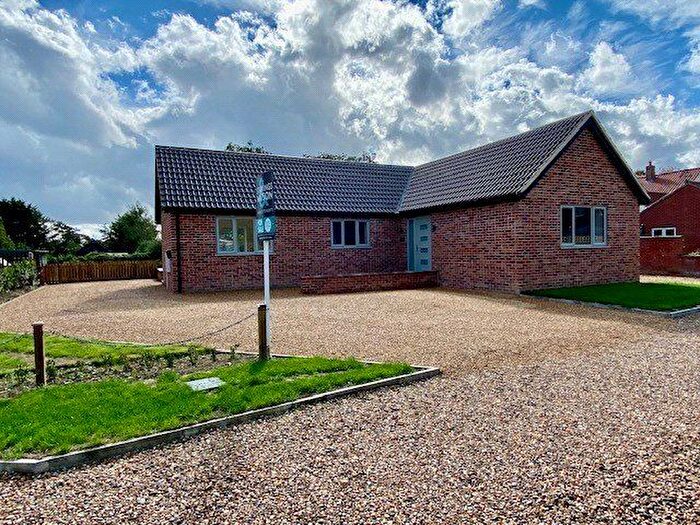 3 Bedroom Bungalow For Sale In The Street, North Lopham, Diss, Norfolk, IP22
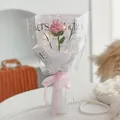 Handgefertigter rosa Häkel-Rosenstrauß mit warmem LED-Licht in eleganter Geschenkbox - Rosa Rose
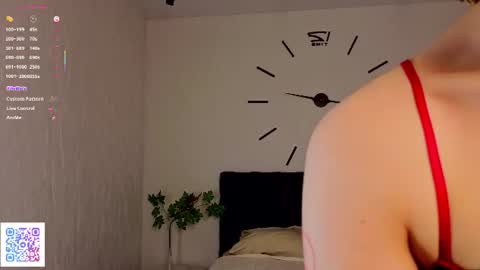 Lola online show from August 14, 9:02 am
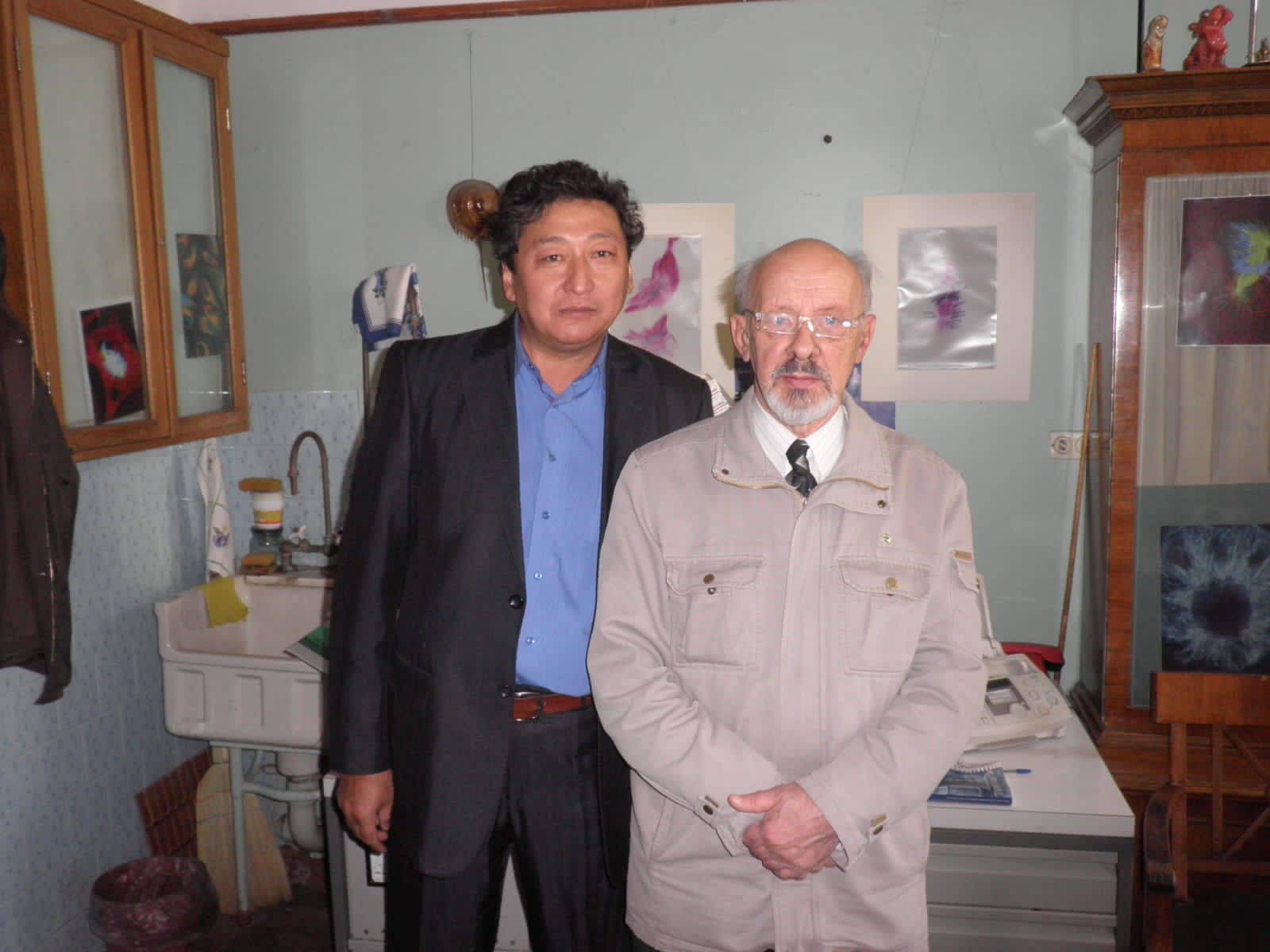 Әйелі мен белдігі жеке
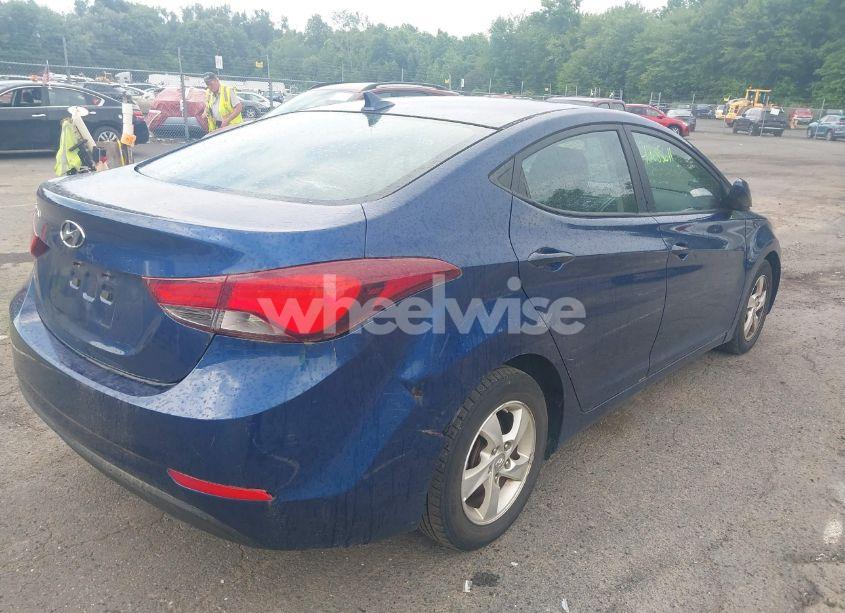 Photo 4 of 2015 Hyundai Elantra SE (VIN 5NPDH4AE2FH575899)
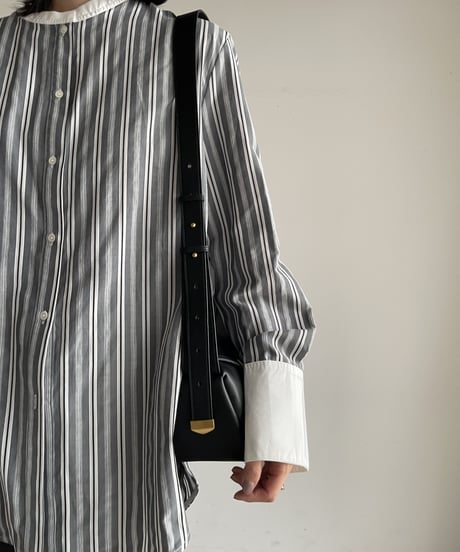 LEATHER ONE SHOULDER BAG/2color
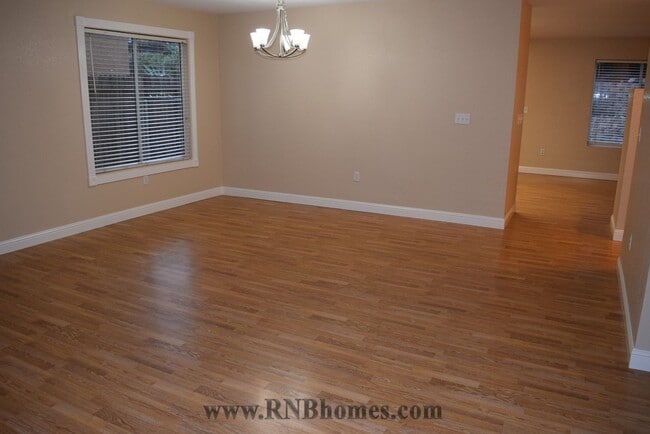 Photo - 1930 Crystal Ct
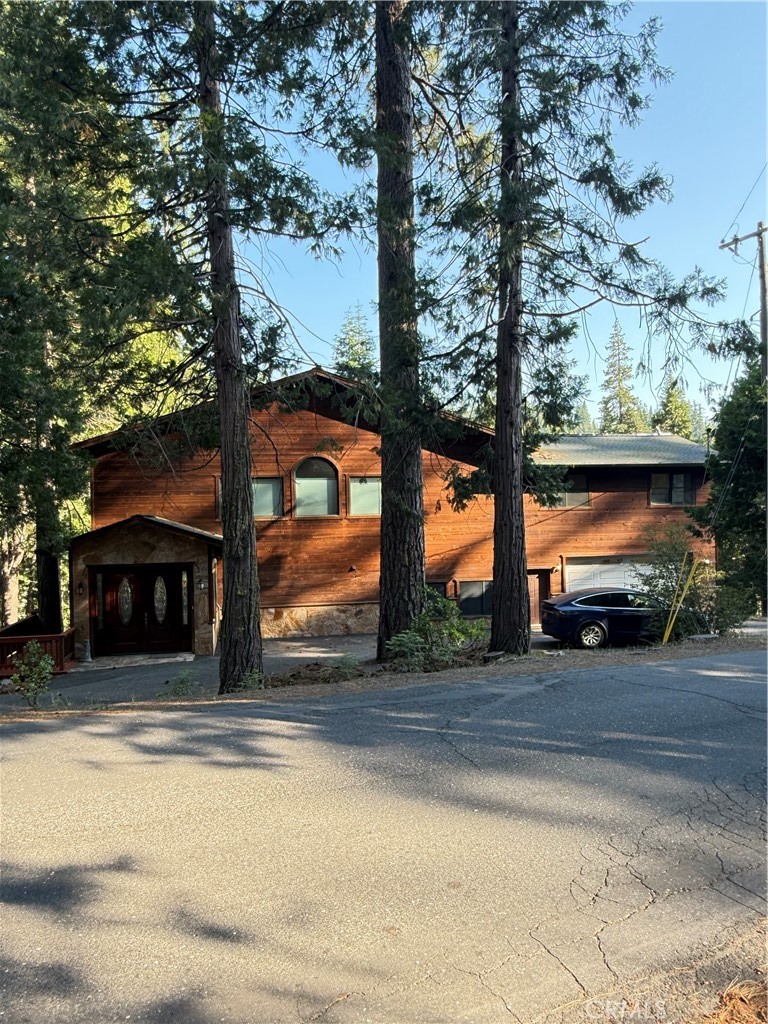 28421 Old Strawberry Dr, Strawberry, CA 95375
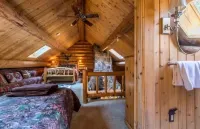 Kresge Luxurious Grand Cabin At Stratton and Bromley Mountains, up to 6 guests.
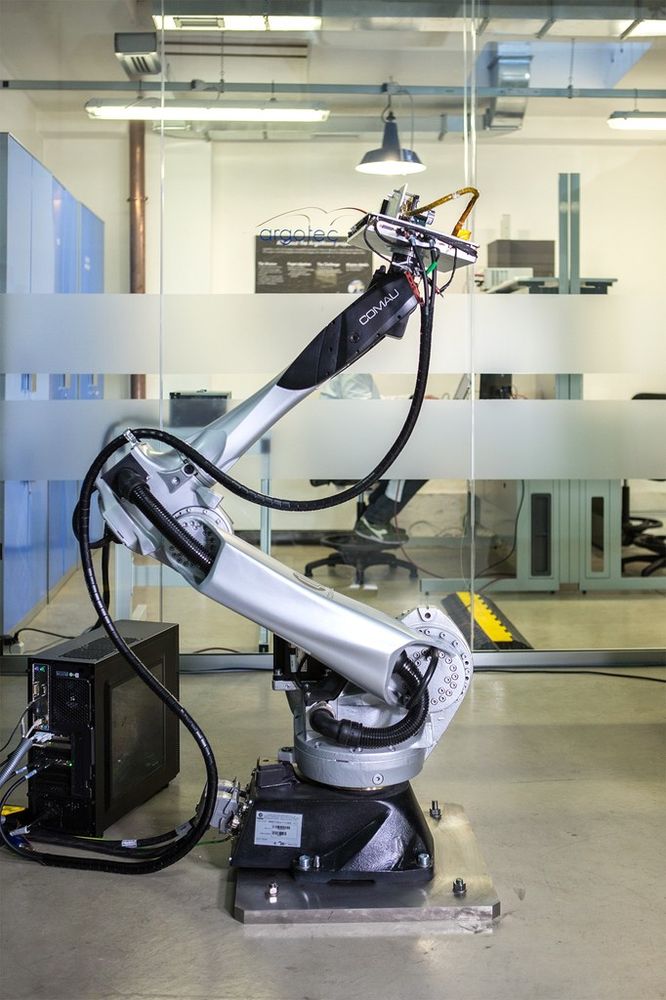 Atena, il primo sistema robotico italiano per testare i nanosatelliti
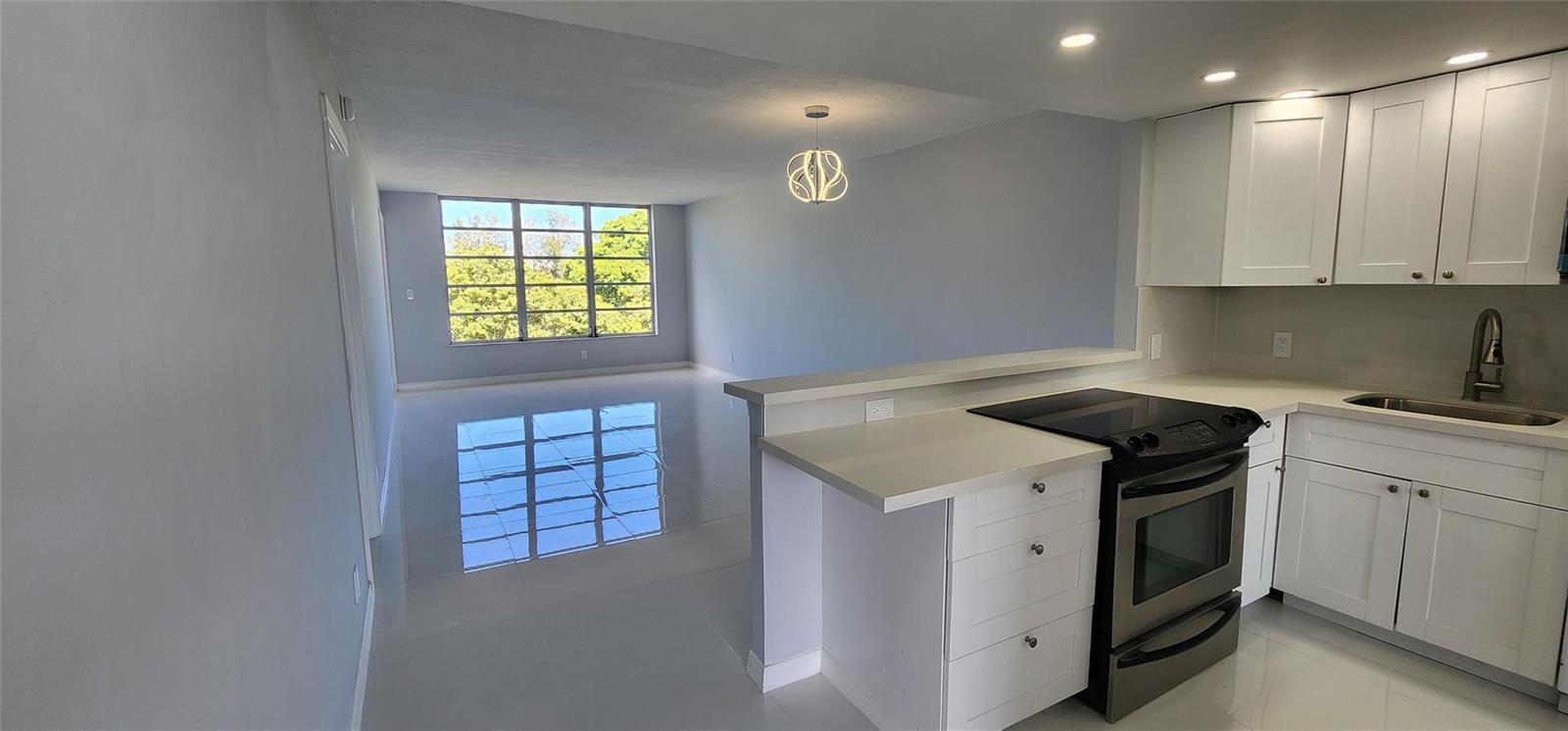 2650 S Course Drive # 505, Pompano Beach FL 33069 photo 2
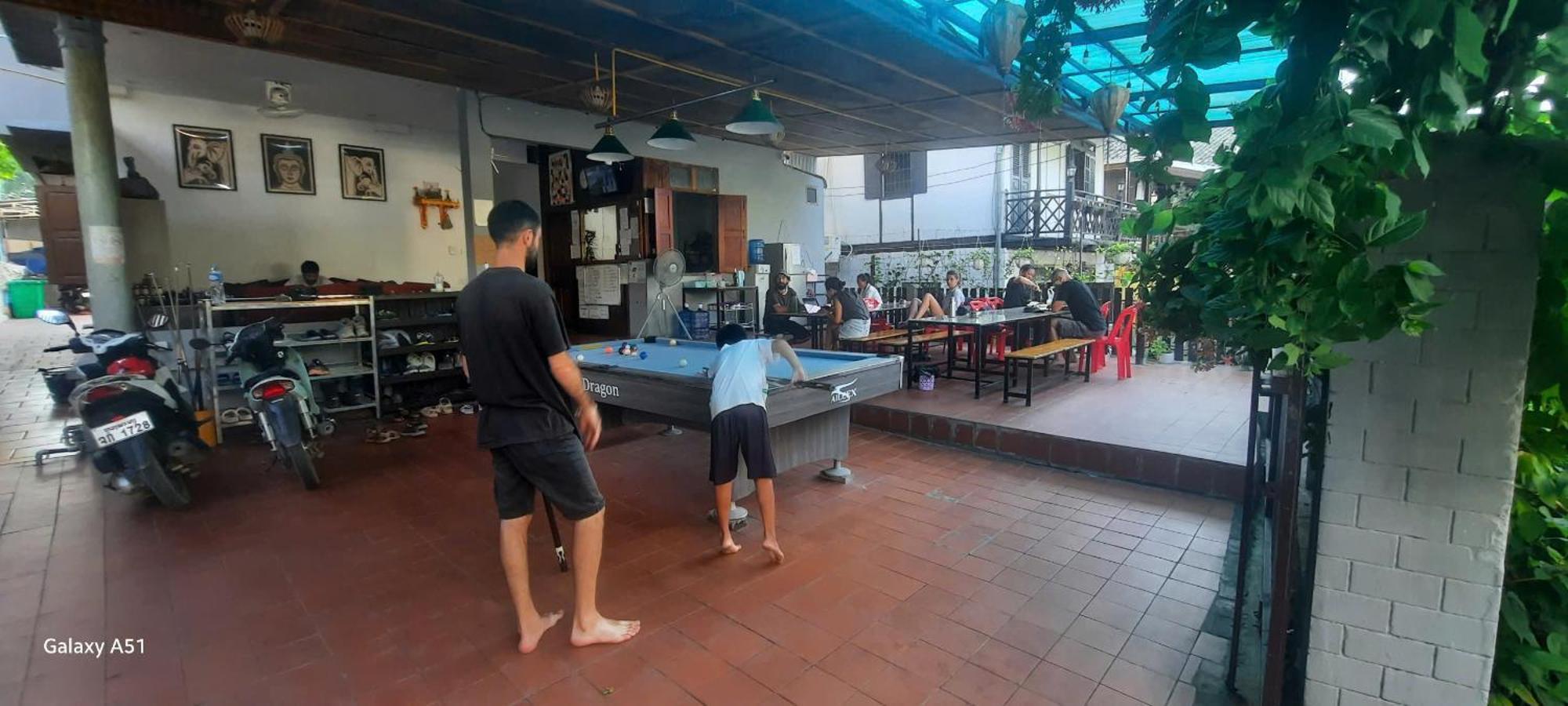 Aurora Backpackers Hostel Luang Prabang Ngoại thất bức ảnh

Work required: Except for the pictures, please retype the listing above exactly.

Written solution:
 3 Bedroom Bungalow For Sale In The Street, North Lopham, Diss, Norfolk, IP22
 Handgefertigter rosa Häkel-Rosenstrauß mit warmem LED-Licht in eleganter Geschenkbox - Rosa Rose
 Lola online show from August 14, 9:02 am
 Әйелі мен белдігі жеке
 Photo 4 of 2015 Hyundai Elantra SE (VIN 5NPDH4AE2FH575899)
 LEATHER ONE SHOULDER BAG/2color
 Photo - 1930 Crystal Ct
 28421 Old Strawberry Dr, Strawberry, CA 95375
 Kresge Luxurious Grand Cabin At Stratton and Bromley Mountains, up to 6 guests.
 Atena, il primo sistema robotico italiano per testare i nanosatelliti
 2650 S Course Drive # 505, Pompano Beach FL 33069 photo 2
 Aurora Backpackers Hostel Luang Prabang Ngoại thất bức ảnh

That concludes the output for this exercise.